I decided not to pull any quotes from this one. Every other page had something memorable, so we would have been here all month. Michener was sent (by Life or Colliers or something - I didn't write it down and googling's no help) on a tour of Asia in 1950-1951 as it emerged from World War Two, in some places (Malaysia) peacefully, in others (Indonesia) violently. Through a series of interviews, personal reflections, observations, and history, Michener does his usual commendable job of presenting all sides pretty fairly, even while filtering it through the political understanding of a mid-20th-century white guy.

I certainly don't mean that dismissively, as too many might these days, just that he makes an effort to be self-aware in this specific regard - as he does throughout his work - and was undeniably ahead of his time while also being a man of his era: politically incorrect, imbued with what he described elsewhere as "the stamp of my education - automatic patriotism (and) faith in the ideals that were prevalent in 1932, and were proven so dreadfully wrong." 

You'll have to read it yourself to see if it makes for the same fascinating crossroads of perspective I found it to be. Every country visited was in such a unique place in these years, and to have a writer / thinker / listener of Michener's vintage as our man on the scene gets a big 5 out of 5 stars from me. It's a wonderful companion to Return to Paradise, published the year before and which accomplishes the same for those South Pacific islands not covered here.


2.
(1959)

More Japanese art history! And a whole lot of it. Is it the equal of The Floating World, his first foray into this sort of thing? It's difficult for me to judge - I found both equally fascinating and wonderful to look at with each artist and process a revelation. But it's all completely new to me, so it's difficult to tell where these rank against similar overviews or introductions. 

Through the wonders of our exciting age we can have a look at some of the prints James and Mari Michener collected and donated to the Honolulu Academy of Arts at the end of his life. 

Overall I have nothing but praise and gratitude for the Chicago Public Library system, but there are some operational hiccups that puzzle me. Japanese Prints: From the Early to the Modern took months to get to me. True the city only had one copy, not at my local branch, but that's been the case for dozens of books I've dropped in my online queue. Why the big delay on this one? It's not just this one, though, hence the befuddlement. I like to imagine some art-minded yakuza hijacked the library truck and took it for a joyride before torching it and it's all an international cover-up.
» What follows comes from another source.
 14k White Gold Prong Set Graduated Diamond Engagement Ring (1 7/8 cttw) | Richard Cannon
Anyway a copy of your very own will set you back a few dozens of dollars if you want the slip case. (And why wouldn't you?) Rather than pull the trigger, I just added it to my used-bookstore-adventures-of-the-future pile.

3.
(1961)


"The first political speech I ever made was to the assembly of Swarthmore College in 1928 when I blasted hell out of a Quaker college which could profit from the religious freedom under which Quakerism flourished and at the same time overwhelmingly vote against Al Smith because he was a Catholic (...) When I was finished a classmate whispered 'You idiot - we're not voting against Al Smith because he's a Catholic. We're voting for Herbert Hoover because he's a Quaker.'"

Michener was part of Kennedy's election campaign in 1960 (along with Angie Dickinson, Stan Musial and some others) and a precinct chairman for the Democratic Party in Bucks County, PA. Here is his account of both experiences.
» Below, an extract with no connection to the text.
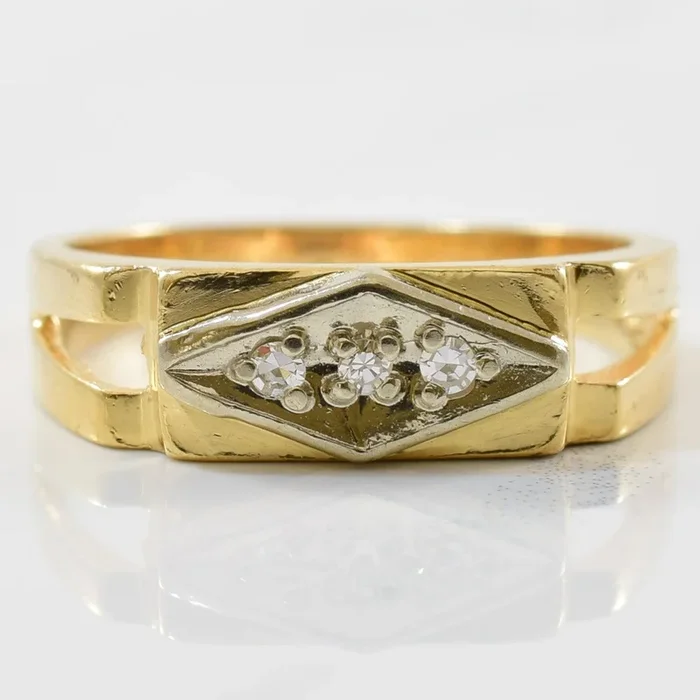 1940s Split Shank Diamond Band | 0.03ctw | SZ 6 |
It's infuriatingly vague on a few things. Michener refers to speeches or letters received or remarks overheard and describes his often passionate reaction to them without giving any of their substance. I'd chalk this up to simply not knowing the contemporaneous references, in which case I'd just say an annotated edition would be helpful, but he makes a point of his being aloof, like it's a virtue not to pass any of it on. Why bring it up then? (shrugs)

He's specific enough on two counts, though:

- It's difficult to imagine a time in America when the idea of a Catholic President ("the Pope will overrule the Constitution - state secrets will be given in Confession," etc.) alarmed a sizable amount of otherwise reasonable folks. Michener spends a lot of time assuring these readers. Of course, this was the era where one phone call from the Catholic League of Decency could lead to a boycott of just about any movie, personality, or book of which it did not approve. Seems silly now, but maybe not so much - it's easy to see the same fears circulating (both reasonably and unreasonably) if a Muslim ran for President in our superwoke 21st century.  

- During an unexpected pit stop at a country club in Boise, Idaho, the Kennedy Caravan met with some disapproval from the Nixon-supporting locals. When Michener overhears one of the ladies say of his group "They're the ones who want to take it all away from us," he reacts with such exaggerated shock and indignation that I had to laugh. It's a reminder of a more genteel time in American politics to be sure, but even so he comes across a tad precious. "I would be appalled at my own degeneration if I should ever come to look upon the representatives of a major American political party as we were looked upon that day. With such attitudes there can be no traffic." Oh you. He is right, though, or at least his way is infinitely preferable, but I think we'd have to dismantle the entire media/political circus to have a shot at getting there ever again. (And "degeneration" is certainly the right word.)


4.
(1971)


"These young people learn by means of a new synthesis of visual and oral sensation." 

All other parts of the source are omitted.